Recalling tactics that led to a short-lived coup against Chavez in 2002 and a shutdown of the oil industry, the coalition has also called for a general strike on Friday and a march to the Miraflores presidential palace next week.

“We’ve reached the limit,” said Henrique Capriles, a usually moderate opposition leader, calling the government “Satan.”

“Does the opposition have anything to negotiate with the government? Nothing. Why does the government want dialogue? Because the water has risen to its neck,” he said.

Some hardliners, most notably veteran activist Maria Corina Machado and jailed protest leader Leopoldo Lopez’ wife Lilian Tintori, are calling for Gandhi-style civil disobedience.

‘I FEAR NOBODY’

The government is vowing an iron fist.

It says well-known troublemakers, who were behind the 2002 putsch, are again seeking a coup against an elected government, with the help of the United States and compliant foreign media.

“I fear nobody and nothing!” Maduro told red-shirted supporters at one of his daily rallies and TV appearances this week.

The ruling Socialist Party’s No. 2, Diosdado Cabello said any companies heeding the strike call would be seized by workers and the military. “We’re not going to allow craziness.”

Long proud of its democratic credentials after winning numerous elections under Chavez, the ruling Socialist Party says it is the opposition flouting Venezuela’s democracy given that independent institutions shot down the referendum.

Officials also argue that the very existence of protests and virulent public criticism of Maduro prove democracy is alive and well in Venezuela.

Maduro insists the referendum decision was made by independent judges and electoral officials based on technical criteria, and denies the Socialist Party had any sway over the result. But critics say both the judiciary and electoral council have long been in the government’s pocket.

The Supreme Court has repeatedly shot down legislation  passed by the opposition-dominated Congress while interpreting the constitution to favor the executive branch and limit the reach of lawmakers.

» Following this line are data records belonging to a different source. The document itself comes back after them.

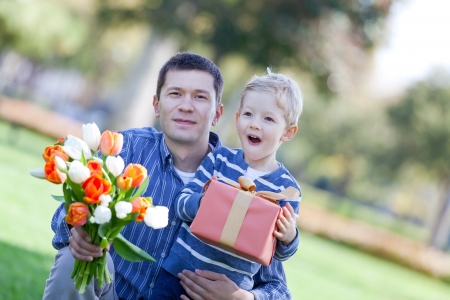 handsome young man and child offering a gift and flowersの写真素材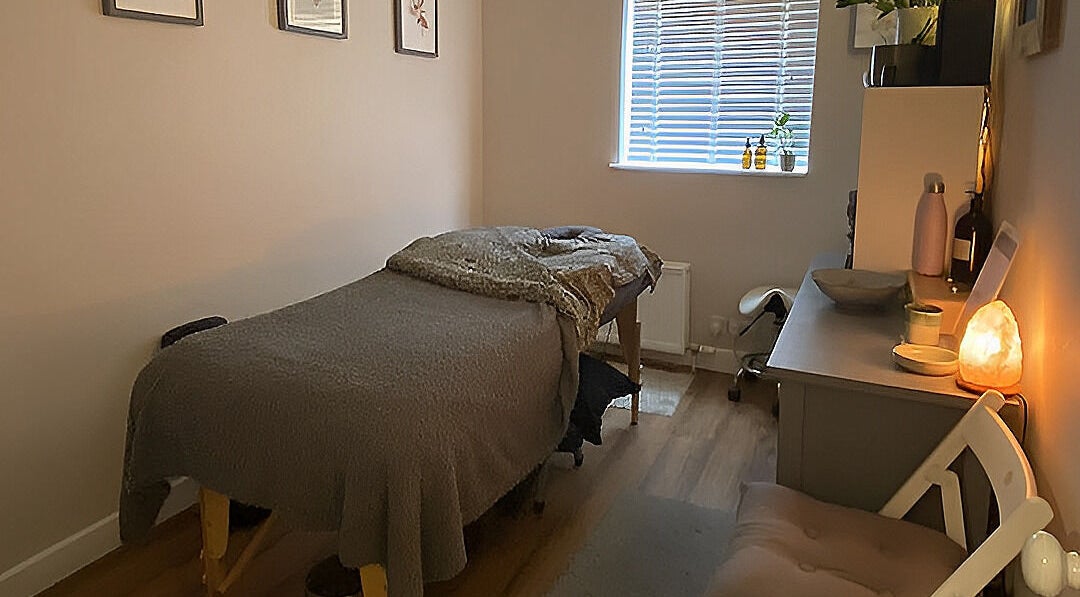 Cozy therapy room at Lucy Mather Holistic Therapy in Saxilby, England with massage table and warm lighting.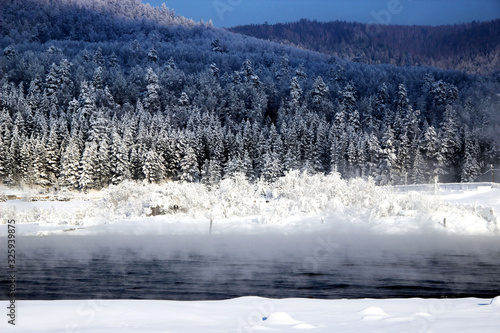 In the background, on the other bank of the river, conifer winter forest begins. Everything is simple, beautiful and expressive. In the foreground - mist rising from the water and fluffy snow. © Pavel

And the elections council has steadily shifted the requirements for requesting the recall vote.

Maduro would have faced probable defeat and removal from power if the referendum had gone ahead.

His challenge now is to contain street protests and respond to deep anger among all Venezuelans at the dreadful state of the economy.

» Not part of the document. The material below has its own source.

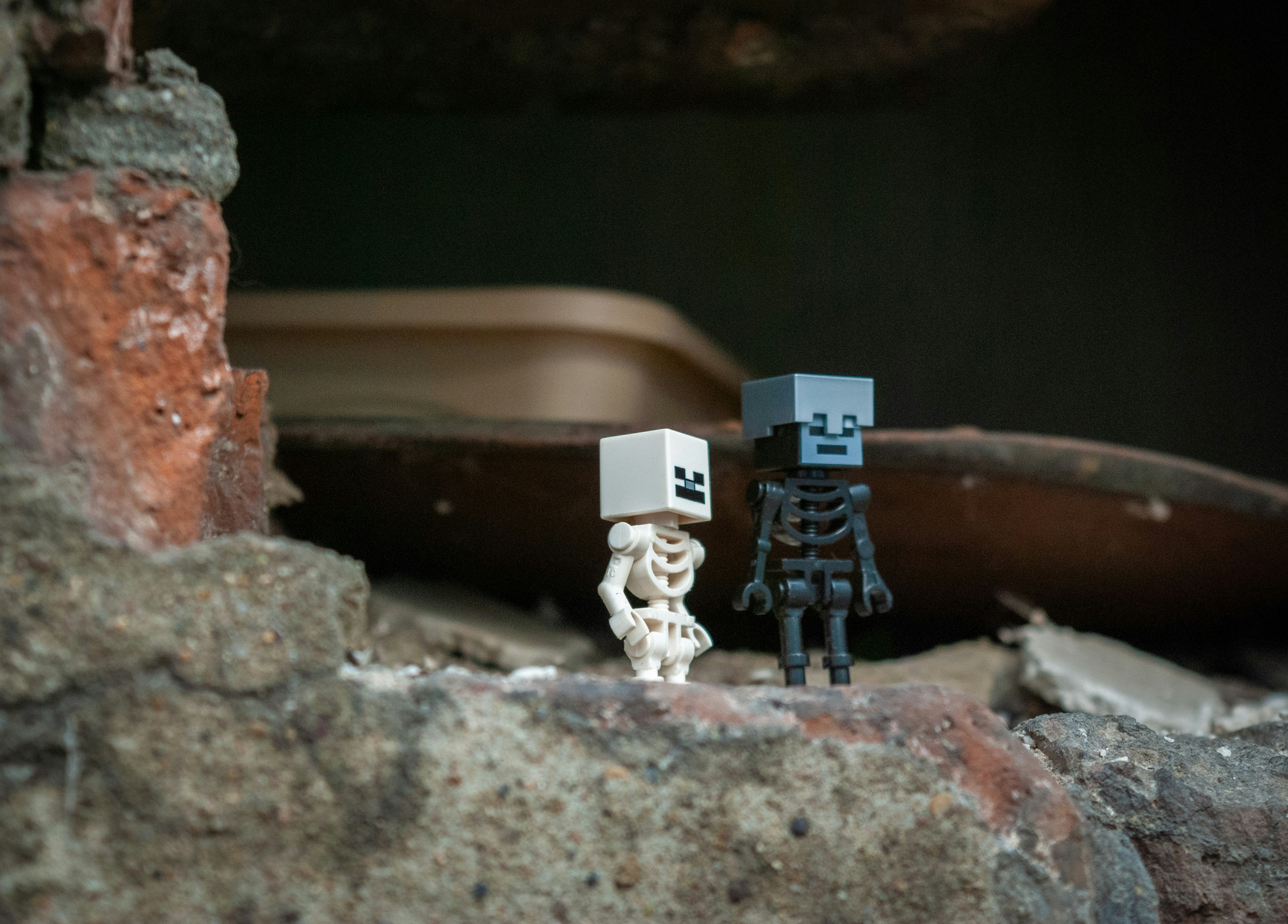 Two skeleton figures stand on rubble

Food shortages, long shopping lines and runaway prices have eroded the ruling “Chavismo” movement’s popularity among the poor and seen Maduro’s ratings slide to just over 20 percent.

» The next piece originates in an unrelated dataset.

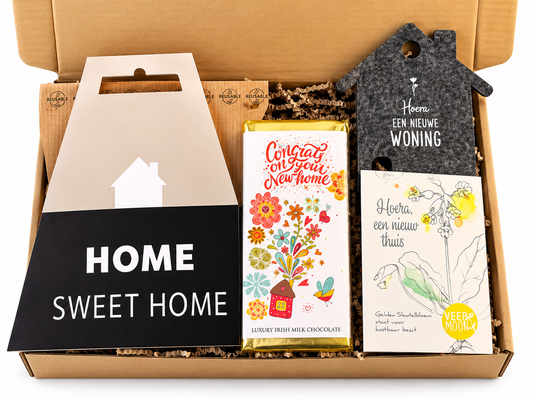 Nieuwe woning cadeaubox met Home Sweet Home decoratie, chocolade en cadeau voor een nieuw huis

But as unhappy as they are, disaffected former “Chavistas” are not yet ready to throw their lot in en masse with coalition leaders they still view with suspicion.

“They are all from privileged families. How can they represent me?” said Orlando Diaz, 47, a mechanic and father of four from a slum in western Caracas who has seen work dry up and income tumble during a nearly three-year recession.

“Do I hate Maduro? Yes. He has betrayed the comandante (Chavez), he is a fool. Will I join these people in their crying and marching? No way. Frankly, I don’t know where to turn. I don’t see a future, I just have to find bread for my family today and tomorrow. That’s all I think about.”

The opposition’s challenge is how to incorporate people like Diaz and his neighbors from the gritty hillside Antimano “barrio”, into their street push. On Wednesday, they drew hundreds of thousands nationwide, but students and traditional supporters remained at the vanguard.

Scores of people on both sides were killed during anti-Maduro protests in 2014 and there was new violence on Wednesday, with dozens of injuries and arrests. A policemen was shot dead in an incident the government blamed on demonstrators.

“A recall referendum in 2016 would have meant the automatic exit from power of ‘Chavismo’,” said local pollster Luis Vicente Leon. “Eschewing democratic codes and values, the government preferred to assume … the risk of a popular reaction.”

The next presidential election is due at the end of 2018 and most Venezuelans assume another candidate will emerge from within “Chavismo” instead of Maduro. But given the events of recent days, opposition supporters are beginning to wonder if that election will even take place.